Set down, exactly, every line from the top of the listing through the one holding "11 Coolidge Street Johnston RI 02919".

_Dataset records_
****

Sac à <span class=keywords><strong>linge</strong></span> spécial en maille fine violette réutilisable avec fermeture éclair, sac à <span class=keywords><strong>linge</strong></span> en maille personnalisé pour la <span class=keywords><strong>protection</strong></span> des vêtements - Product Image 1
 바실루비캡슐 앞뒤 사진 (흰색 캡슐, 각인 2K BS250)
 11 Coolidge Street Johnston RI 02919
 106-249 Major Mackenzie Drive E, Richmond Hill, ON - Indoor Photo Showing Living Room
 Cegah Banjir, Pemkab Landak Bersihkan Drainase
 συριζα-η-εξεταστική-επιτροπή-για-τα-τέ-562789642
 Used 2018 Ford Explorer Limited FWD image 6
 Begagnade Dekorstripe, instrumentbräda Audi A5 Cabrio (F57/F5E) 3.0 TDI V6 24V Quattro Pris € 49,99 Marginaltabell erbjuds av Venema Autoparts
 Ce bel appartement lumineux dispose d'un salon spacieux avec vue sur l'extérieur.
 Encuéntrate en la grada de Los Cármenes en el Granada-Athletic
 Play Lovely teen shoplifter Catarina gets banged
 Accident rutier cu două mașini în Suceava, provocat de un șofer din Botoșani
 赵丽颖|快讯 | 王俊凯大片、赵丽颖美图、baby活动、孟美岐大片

****

_Exercise solution_
Sac à <span class=keywords><strong>linge</strong></span> spécial en maille fine violette réutilisable avec fermeture éclair, sac à <span class=keywords><strong>linge</strong></span> en maille personnalisé pour la <span class=keywords><strong>protection</strong></span> des vêtements - Product Image 1
 바실루비캡슐 앞뒤 사진 (흰색 캡슐, 각인 2K BS250)
 11 Coolidge Street Johnston RI 02919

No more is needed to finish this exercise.